■ **Material provided**:

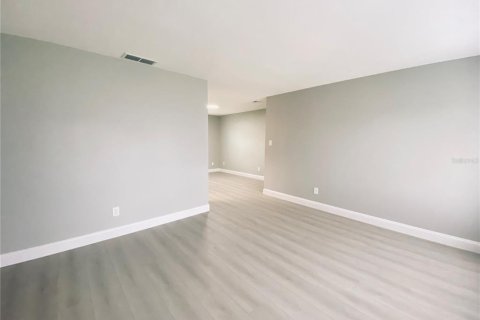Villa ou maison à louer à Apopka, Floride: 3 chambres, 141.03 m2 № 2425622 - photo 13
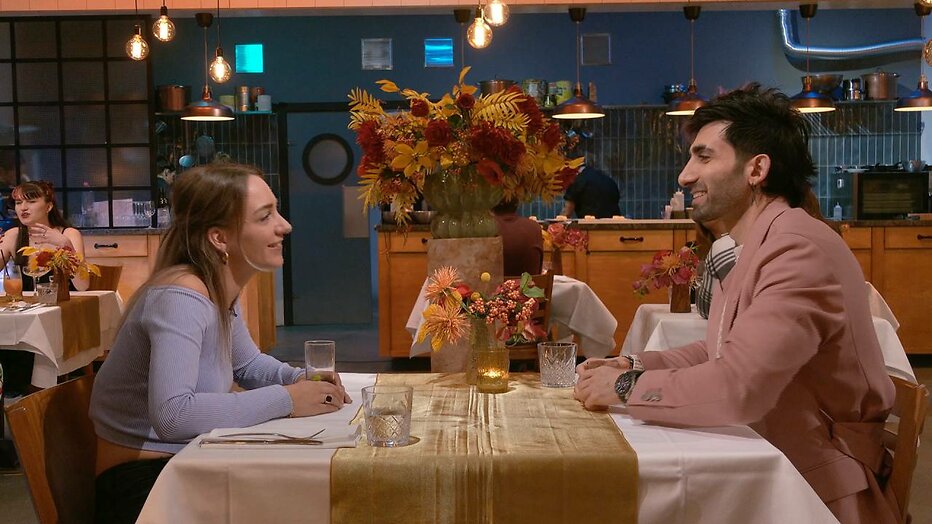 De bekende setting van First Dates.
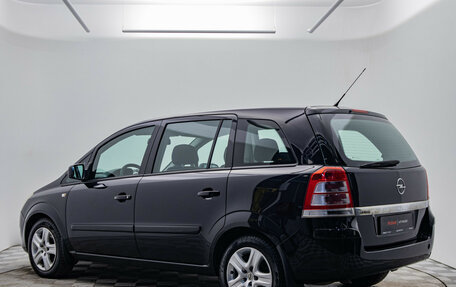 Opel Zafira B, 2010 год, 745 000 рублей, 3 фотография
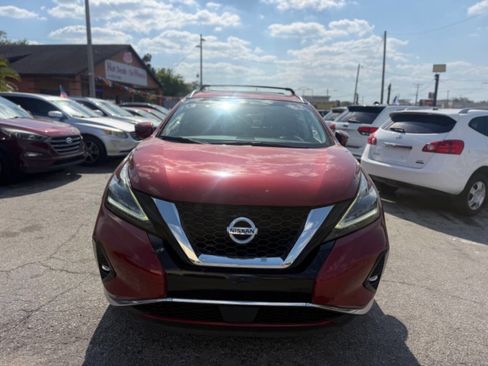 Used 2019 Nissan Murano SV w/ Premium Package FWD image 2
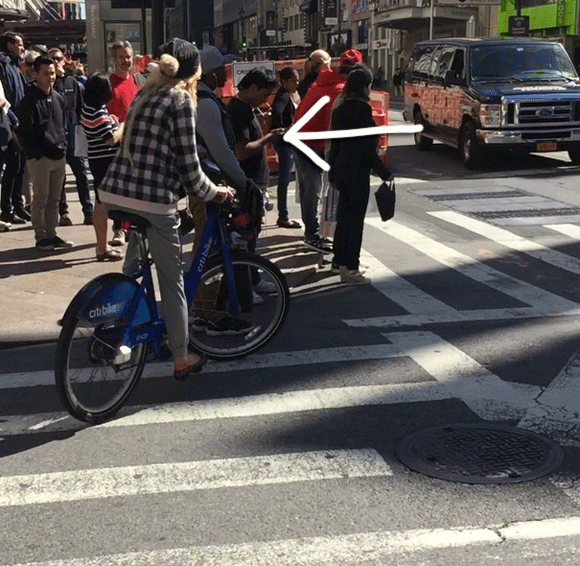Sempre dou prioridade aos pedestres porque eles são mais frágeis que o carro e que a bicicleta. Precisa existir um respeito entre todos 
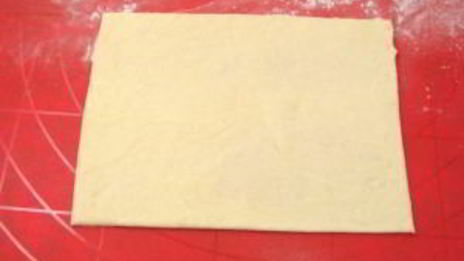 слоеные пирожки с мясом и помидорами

...

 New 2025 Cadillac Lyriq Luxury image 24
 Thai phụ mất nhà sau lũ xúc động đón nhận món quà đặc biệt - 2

■ **What to work on**: Give the lines above again exactly, from the one containing "Sempre dou prioridade" to the one containing "слоеные пирожки с мясом и помидорами", both included, but leave out the pictures.

■ **Answer to this exercise**:
Sempre dou prioridade aos pedestres porque eles são mais frágeis que o carro e que a bicicleta. Precisa existir um respeito entre todos 
 слоеные пирожки с мясом и помидорами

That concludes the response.